At a Donald Trump rally, supporters call for the death of Hillary Clinton.

Jamelle Bouie/Flickr

They’ve got murder on their minds now.

At the previous Donald Trump rally I’d attended, in Greensboro, North Carolina, Hillary Clinton was called a “bitch” more times that I could count. “Trump That Bitch” was the most common refrain. They shouted it from the rafters, wore T-shirts emblazoned with it. But at a rally in Raleigh on Tuesday night, a new cry rang out:

“Hang that bitch!”

The anger among Trump supporters toward the presumptive Democratic nominee apparently had escalated in the past month, perhaps especially so after FBI Director James Comey announced on Tuesday morning that he would not seek criminal charges against Clinton over her email scandal. This was a travesty against justice, obvious proof of corruption. As Trump said on stage, “Today is the best evidence ever, that we’ve seen, that our system is absolutely, totally rigged.”

Clinton might have escaped criminal justice, but this mob had a different kind of justice in mind. Trumping that bitch was no longer good enough. Now they wanted her dead.

I’d just come from Charlotte, where I mingled with Hillary Clinton supporters in a line that extended a half a mile away from the Convention Center. They were relieved that the FBI had decided not to indict their candidate, and fearful of a Donald Trump presidency. But they expressed that fear a little differently than their counterparts: with buttons and stickers reading “Love Trumps Hate.”

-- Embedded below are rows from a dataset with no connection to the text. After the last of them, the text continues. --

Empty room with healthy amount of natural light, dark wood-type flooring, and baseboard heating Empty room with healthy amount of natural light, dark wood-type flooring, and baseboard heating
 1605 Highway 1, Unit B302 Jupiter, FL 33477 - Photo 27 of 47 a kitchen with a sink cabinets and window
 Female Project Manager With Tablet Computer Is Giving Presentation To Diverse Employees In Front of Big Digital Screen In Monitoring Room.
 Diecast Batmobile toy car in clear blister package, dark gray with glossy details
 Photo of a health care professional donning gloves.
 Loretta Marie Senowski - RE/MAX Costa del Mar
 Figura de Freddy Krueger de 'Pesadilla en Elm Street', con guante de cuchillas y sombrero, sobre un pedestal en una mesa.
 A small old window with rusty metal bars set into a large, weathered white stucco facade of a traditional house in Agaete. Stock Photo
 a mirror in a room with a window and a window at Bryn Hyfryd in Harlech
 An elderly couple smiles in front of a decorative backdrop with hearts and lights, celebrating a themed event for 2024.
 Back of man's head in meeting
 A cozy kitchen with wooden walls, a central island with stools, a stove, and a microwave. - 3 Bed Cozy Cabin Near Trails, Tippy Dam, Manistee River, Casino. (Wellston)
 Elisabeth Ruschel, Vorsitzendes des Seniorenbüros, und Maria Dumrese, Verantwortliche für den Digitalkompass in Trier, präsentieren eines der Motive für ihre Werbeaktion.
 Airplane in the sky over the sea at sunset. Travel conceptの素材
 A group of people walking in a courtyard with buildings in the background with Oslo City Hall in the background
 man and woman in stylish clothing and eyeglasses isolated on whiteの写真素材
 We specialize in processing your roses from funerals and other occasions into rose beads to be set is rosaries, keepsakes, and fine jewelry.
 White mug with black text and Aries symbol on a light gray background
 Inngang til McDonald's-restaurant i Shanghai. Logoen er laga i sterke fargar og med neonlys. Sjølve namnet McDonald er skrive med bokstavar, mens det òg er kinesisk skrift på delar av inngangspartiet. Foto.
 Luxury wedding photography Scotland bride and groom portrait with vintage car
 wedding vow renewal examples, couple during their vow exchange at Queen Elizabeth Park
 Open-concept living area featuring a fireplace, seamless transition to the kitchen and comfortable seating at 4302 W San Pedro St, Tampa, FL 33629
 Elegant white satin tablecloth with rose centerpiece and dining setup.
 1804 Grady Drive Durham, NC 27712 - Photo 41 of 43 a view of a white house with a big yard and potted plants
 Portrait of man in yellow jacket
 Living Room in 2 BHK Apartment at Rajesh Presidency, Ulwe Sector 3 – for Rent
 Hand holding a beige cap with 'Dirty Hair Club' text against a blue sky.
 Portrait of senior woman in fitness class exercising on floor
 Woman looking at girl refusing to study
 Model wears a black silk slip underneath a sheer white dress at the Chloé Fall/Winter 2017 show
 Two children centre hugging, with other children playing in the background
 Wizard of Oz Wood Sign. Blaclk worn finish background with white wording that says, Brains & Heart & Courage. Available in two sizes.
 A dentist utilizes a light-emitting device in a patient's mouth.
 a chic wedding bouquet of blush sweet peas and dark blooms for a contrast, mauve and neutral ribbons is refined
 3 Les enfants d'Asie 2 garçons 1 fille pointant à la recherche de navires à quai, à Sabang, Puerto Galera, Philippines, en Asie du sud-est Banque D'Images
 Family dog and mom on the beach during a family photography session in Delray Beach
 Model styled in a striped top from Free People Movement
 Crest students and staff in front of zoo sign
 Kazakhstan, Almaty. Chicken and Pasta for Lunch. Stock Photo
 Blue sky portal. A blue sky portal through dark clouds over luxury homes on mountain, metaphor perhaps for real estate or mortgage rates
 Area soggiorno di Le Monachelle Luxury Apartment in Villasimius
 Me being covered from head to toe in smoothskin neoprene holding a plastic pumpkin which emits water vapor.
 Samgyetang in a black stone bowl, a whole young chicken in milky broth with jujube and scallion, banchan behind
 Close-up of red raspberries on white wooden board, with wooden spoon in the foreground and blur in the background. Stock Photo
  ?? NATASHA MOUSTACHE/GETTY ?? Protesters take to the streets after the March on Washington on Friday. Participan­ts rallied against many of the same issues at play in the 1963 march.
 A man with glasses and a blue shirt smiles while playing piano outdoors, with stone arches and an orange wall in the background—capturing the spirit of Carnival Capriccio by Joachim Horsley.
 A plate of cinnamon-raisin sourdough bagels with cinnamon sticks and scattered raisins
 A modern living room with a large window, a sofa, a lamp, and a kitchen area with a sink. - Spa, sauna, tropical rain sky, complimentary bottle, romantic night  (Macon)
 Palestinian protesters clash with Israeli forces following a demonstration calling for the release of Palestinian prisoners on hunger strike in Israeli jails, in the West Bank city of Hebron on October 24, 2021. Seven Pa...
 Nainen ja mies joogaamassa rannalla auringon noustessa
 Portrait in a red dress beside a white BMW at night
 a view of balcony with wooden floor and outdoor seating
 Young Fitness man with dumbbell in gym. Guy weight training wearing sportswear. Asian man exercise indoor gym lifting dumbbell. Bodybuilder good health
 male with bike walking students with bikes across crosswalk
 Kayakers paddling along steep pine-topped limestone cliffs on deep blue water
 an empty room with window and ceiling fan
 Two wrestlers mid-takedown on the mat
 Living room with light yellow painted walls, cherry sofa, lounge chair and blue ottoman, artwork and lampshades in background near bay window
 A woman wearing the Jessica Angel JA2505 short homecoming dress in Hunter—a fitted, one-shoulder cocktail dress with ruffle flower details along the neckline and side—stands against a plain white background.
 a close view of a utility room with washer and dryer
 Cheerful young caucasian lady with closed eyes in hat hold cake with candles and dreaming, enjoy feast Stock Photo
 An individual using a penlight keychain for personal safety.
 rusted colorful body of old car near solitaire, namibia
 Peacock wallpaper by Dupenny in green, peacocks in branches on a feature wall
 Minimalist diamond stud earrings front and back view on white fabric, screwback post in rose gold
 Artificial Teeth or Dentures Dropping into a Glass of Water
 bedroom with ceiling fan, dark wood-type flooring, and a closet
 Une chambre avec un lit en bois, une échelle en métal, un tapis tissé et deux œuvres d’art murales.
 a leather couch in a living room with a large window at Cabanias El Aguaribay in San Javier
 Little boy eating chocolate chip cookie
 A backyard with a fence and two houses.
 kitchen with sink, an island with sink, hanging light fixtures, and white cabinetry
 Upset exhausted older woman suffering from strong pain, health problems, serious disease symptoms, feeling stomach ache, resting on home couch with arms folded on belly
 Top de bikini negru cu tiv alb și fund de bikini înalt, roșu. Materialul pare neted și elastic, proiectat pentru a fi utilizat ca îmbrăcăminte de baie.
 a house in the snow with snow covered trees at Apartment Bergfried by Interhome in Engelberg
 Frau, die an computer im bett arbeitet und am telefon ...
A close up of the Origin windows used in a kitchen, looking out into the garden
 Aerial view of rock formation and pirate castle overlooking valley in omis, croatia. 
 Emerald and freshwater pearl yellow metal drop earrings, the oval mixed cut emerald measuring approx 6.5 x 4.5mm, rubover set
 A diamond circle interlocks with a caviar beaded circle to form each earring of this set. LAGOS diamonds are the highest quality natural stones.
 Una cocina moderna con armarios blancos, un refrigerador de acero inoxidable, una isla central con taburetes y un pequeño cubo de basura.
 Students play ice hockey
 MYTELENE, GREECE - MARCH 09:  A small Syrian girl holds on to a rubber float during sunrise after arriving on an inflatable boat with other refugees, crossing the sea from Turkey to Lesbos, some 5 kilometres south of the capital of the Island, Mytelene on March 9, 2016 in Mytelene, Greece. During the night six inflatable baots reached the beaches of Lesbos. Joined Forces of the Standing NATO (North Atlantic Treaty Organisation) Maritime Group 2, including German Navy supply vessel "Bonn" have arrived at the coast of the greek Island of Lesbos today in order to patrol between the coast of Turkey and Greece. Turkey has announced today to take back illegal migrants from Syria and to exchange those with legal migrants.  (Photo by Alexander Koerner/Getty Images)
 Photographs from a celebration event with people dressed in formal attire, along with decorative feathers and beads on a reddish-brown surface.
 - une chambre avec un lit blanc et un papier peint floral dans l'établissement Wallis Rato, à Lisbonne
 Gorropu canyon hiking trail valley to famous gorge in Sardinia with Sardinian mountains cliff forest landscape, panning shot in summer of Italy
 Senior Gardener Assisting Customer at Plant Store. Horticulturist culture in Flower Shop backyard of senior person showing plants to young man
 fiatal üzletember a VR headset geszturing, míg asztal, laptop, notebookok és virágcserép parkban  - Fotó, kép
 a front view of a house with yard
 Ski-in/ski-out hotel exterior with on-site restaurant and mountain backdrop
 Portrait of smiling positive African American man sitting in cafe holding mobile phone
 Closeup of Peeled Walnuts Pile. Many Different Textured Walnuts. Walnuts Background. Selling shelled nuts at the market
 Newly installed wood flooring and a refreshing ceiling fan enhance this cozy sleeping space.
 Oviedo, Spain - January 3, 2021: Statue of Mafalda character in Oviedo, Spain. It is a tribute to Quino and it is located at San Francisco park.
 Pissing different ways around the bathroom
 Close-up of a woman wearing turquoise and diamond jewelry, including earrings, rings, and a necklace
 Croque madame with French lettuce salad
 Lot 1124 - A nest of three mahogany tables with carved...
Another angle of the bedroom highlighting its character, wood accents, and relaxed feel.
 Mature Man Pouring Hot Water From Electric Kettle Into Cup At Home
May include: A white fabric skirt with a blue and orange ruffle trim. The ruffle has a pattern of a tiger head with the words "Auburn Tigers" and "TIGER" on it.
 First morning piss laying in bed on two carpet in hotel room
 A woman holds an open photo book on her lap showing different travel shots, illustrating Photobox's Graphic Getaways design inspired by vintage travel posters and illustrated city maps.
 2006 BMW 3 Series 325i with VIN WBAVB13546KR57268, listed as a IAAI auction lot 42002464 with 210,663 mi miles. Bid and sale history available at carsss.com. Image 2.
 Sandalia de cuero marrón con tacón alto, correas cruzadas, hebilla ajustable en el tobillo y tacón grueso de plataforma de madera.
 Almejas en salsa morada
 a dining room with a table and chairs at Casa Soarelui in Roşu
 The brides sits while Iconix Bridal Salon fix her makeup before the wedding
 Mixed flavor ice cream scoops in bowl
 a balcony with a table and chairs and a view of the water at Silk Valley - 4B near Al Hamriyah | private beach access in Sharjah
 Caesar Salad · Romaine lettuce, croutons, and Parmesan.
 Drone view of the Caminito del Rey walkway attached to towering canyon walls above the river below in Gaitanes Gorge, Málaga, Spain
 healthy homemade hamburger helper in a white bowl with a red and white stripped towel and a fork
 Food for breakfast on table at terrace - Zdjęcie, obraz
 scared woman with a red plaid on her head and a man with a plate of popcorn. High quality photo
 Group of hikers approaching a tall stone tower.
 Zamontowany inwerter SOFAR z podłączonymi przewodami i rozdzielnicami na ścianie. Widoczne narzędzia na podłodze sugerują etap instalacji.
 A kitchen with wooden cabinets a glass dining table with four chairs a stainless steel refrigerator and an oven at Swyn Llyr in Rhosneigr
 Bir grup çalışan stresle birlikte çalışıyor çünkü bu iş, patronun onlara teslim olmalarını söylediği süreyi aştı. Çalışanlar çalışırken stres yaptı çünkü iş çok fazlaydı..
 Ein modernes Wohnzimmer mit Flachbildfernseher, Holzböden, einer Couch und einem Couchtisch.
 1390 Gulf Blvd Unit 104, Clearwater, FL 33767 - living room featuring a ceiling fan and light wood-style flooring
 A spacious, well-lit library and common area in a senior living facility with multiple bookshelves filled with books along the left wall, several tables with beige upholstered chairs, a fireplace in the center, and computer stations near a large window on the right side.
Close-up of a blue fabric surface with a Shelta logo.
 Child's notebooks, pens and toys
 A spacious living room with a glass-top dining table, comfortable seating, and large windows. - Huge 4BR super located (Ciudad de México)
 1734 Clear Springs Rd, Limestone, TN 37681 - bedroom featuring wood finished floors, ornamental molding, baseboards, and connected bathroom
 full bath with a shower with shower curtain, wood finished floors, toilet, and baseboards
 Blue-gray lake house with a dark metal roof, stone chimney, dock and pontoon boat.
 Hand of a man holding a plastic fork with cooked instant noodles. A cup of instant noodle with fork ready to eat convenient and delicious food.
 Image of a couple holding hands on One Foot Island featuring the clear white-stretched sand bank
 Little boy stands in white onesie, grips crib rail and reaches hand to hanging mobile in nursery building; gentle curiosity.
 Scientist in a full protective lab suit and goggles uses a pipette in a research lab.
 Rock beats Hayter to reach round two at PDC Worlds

I didn’t get into that rally; the turnout was overwhelming. So I drove the hundred and sixty miles to Raleigh. Given the reaction to my last report from a Trump rally, and that the campaign’s social media director, Dan Scavino Jr., had blocked me on Twitter, I wondered whether I’d get inside this rally either. But within minutes of standing in the line outside the Duke Energy Center for the Performing Arts, a vendor came by with a backpack full of “Make America Great Again” hats. The standard red one went for twenty dollars and worked just fine.


The first time I heard someone yell “Hang that bitch!” was during a speech by Trump policy advisor Stephen Miller. I heard “hang that bitch” at least twice more during Trump’s speech, remarks that led to the crowd’s calls for Comey to be fired. Trump alleged that former President Bill Clinton had tampered with the FBI’s investigation, and that Hillary had used her position as secretary of state to line her pockets and singlehandedly destabilize the Middle East.

While Trump made the latter case, a man stood up and yelled, “Hang Hillary!”

“Yeah!” another shouted.

A smattering of applause.

Nearly six years have passed since I last heard, in person, somebody call for the death of a politician. I was at a Tea Party informational meeting at the Greene County Fairgrounds outside Bloomfield, Indiana, back when Obamacare was still a dirty word. Speakers equated President Barack Obama with Mao Zedong and Joseph Stalin. They alluded to the Great Famine and the Great Purge. If Obama had his way, they argued, we should all be ready to report to work camps. After the presentation, I listened to farmers and factory workers alike wonder whether to take up arms and march on Washington. If the time had come, as one speaker put it, to “refresh the tree of liberty with the blood of tyrants.”

There was a similar mood at Trump’s rally in Raleigh—the notion that extraordinary circumstances call for extraordinary means. For bloodshed. Trump himself implied as much when he invoked Saddam Hussein approvingly. “Saddam Hussein was a bad guy, right?” Trump said. “He was a bad guy, a really bad guy. But you know what he did well? He killed terrorists.”


He whipped his fans into a frenzy, and now they spilled into the streets, where media and protestors awaited.

“So let me get this straight,” one man fumed. “They get a fucking safe zone, but we don’t? Where do we get our free speech, bitches?”

When the protestors chanted, “Hey hey, ho ho, Donald Trump has got to go,” his supporters amended it: “Hey hey, ho ho, (she’s a ho), Hillary Clinton has got to go (to prison).”

Meanwhile, a man with a copy of The Art of the Deal in his back pocket was ranting to a local TV reporter about Clinton’s private email server. He said Clinton should be “shot, executed” for “high treason.”

I walked the streets of Raleigh and heard laugher echoing through the blocks. There were Trump supporters eating food in the plazas. Trump supporters loitering in front of hotels and smoking while waiting for cabs. Some were debating their best insults to the protestors, and how they would’ve liked to have gotten their hands on them.

Later that night, in a frenzy himself, the architect of this bloodlust would tweet that “Crooked Hillary” got away with “murder.”